Using the classic way of importing stylesheets in a web application : you can put your CSS files inside the public/ directory and they will be served by your app server. In this case the Meteor build process will be skipped so files won't be concatenated together nor minified. Use this method when you want to lazy load big CSS files only needed in a subpart of your app (for example admin section styling).
Example : put your minified CSS file under public/stylesheets/admin/style.css, and use something like iron:router to load the CSS file when hitting the admin route.
Router.route("/admin", {
// onRun hooks executed only once
onRun: function(){
// create a link taf holding a reference to our publicly served CSS file
var link=$("<link>",{
rel: "stylesheet",
href: "/stylesheets/admin/style.css"
});
// append to the head tag
$("head").append(link);
}
});
I'm trying to use CKEditor in a meteor application:
My attemps:
Put CKEditor folder with all the files (js, css, lang, plugins and skins) in the public folder, include the reference to the javascript file (ckeditor.js) in the header and use the appropiate class in textarea elements. Failed because the editor only works if the textarea is in the body (in any template the textarea control remains unmodified).
Put the javascript files (ckeditor.js, config.js, styles.js) in client/lib/compatibility folder and the remaining files in the public folder. This time the application cant locate the files (skins, plugins, ...) because is looking for localhost:3000/client/lib/compatibility/ckeditor/ ...
Has anybody make this integration works before?

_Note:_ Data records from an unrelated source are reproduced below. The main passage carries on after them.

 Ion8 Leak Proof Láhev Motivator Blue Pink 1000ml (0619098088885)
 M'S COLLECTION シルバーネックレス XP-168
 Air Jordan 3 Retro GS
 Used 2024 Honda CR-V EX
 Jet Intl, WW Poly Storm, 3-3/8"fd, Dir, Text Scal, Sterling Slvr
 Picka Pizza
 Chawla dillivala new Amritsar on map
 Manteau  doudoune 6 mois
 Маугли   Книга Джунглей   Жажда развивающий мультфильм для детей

I got this working and wanted to post a solution for future visitors. First, you need to put everything from the CKEDITOR build download in the public folder. CKEDITOR comes with all sorts of stuff and references everything based on relative directories.

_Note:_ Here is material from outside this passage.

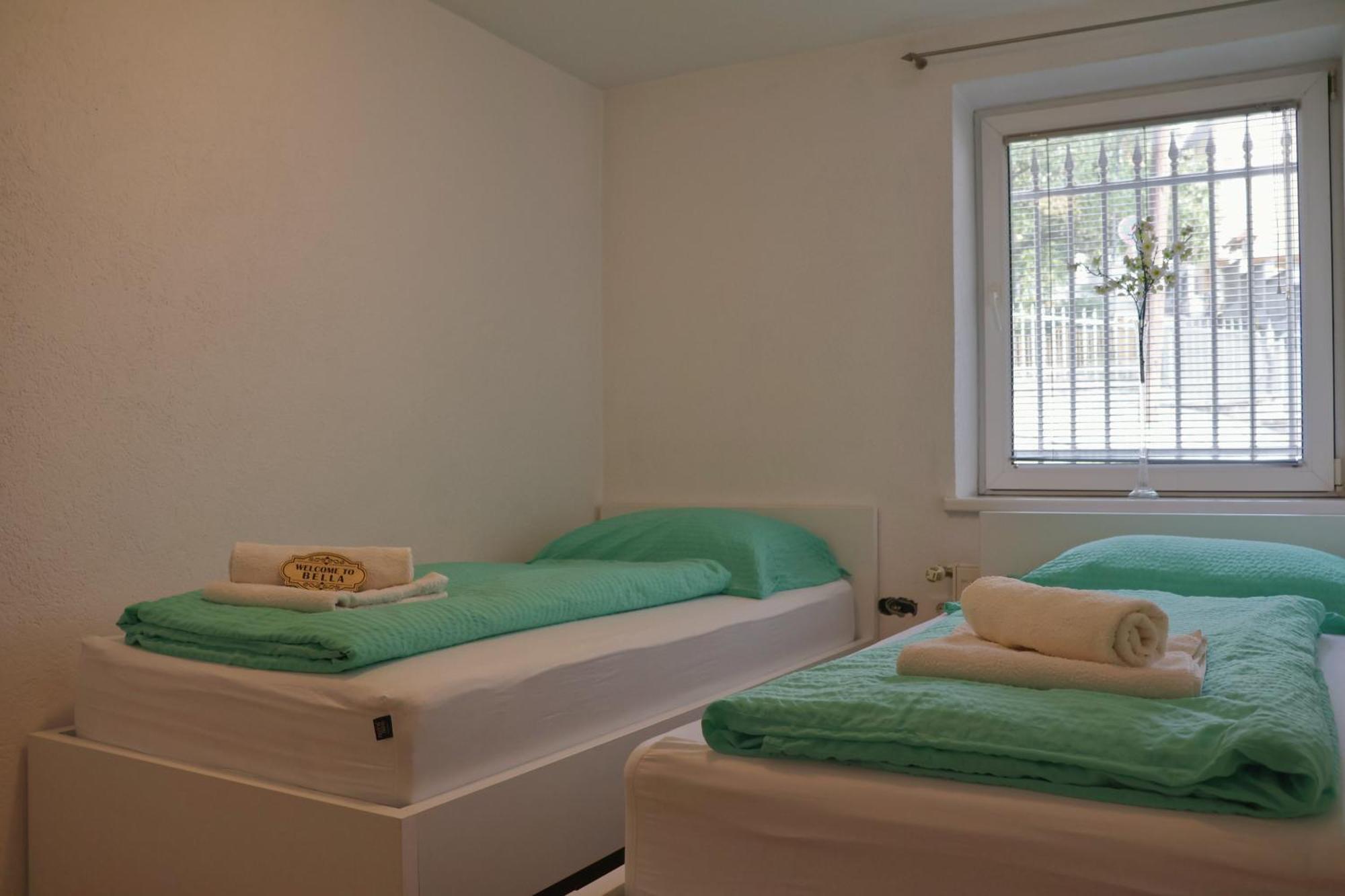 Apartamento Bella *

Your public folder should have a directory named ckeditor it should contain contain the following files and folders:
adapters
lang
plugins
skins
ckeditor.js
config.js
contents.css
styles.js
In your primary layout file reference CKEDITOR like so:
<head>
<script type="text/javascript" src="/ckeditor/ckeditor.js"></script>
<script type="text/javascript" src="/ckeditor/adapters/jquery.js"></script>
</head>
In your template:
<template name="yourTemplate">
<textarea id="content" name="content"></textarea>
</template>
Finally, in the rendered function of your template:
Template.yourTemplate.rendered = function() {
$('#content').ckeditor();
};
Normally, you would say this.$('#content').ckeditor() but that doesn't work because CKEDITOR is in your public folder. As a result, you need to the global reference to the #content element.
Put only the CKEditor files that you would've included in <head> inside a folder in client/lib, i.e. client/lib/ckeditor. That's all you need to do to get them served to the client: there's no need to reference anything in any <head> or anything like that. All .js and .css files that Meteor finds inside client are automatically concatenated and served to the client. This applies to any client-side library, not just CKEditor.

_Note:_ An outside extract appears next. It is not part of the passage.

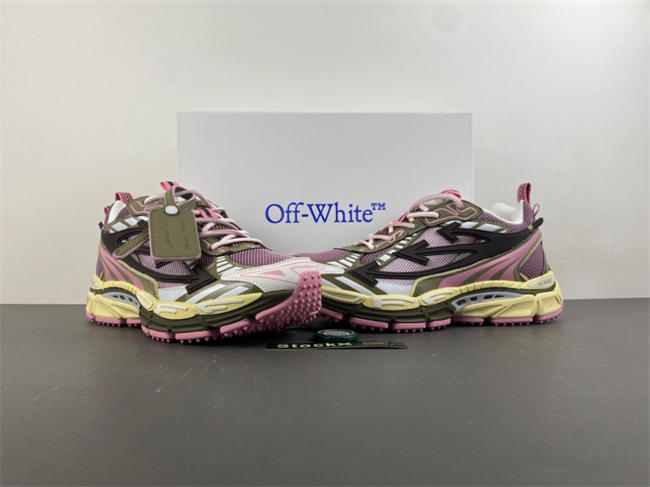 OFF-WHITE Be Right Back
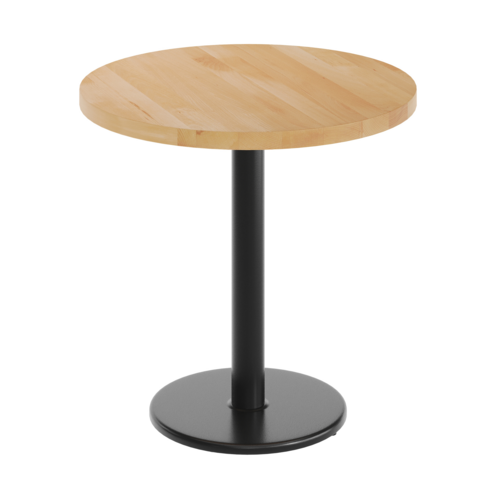 Flash Furniture GSF-RD30-NAT-TR18-GG 30" Table Top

The next thing you need to do is cause CKEditor to be initialized on the pages that use it. Say you have a template called edit with a textarea with an ID of editor. And say you're also loading the CKEditor jQuery Adapter. Inside a JavaScript file within client, put:
Template.edit.rendered = function() {
$('#editor').ckeditor();
}
The key here is that the initialization happens after the textarea editor exists and is ready, because this code is executed after the edit template is fully rendered. It will be reexecuted anytime edit is rerendered. Any other client-side library is included and initialized similarly.
EDIT Image files referenced via .css are a pain in Meteor. The "proper" way to deal with them is to put them all under the folder public, in this case for example public/ckeditor. Then edit the CKEditor .css files so that all references to image URLs point to your new folder at the root, i.e. /ckeditor/image1.png etc. (leave out "public").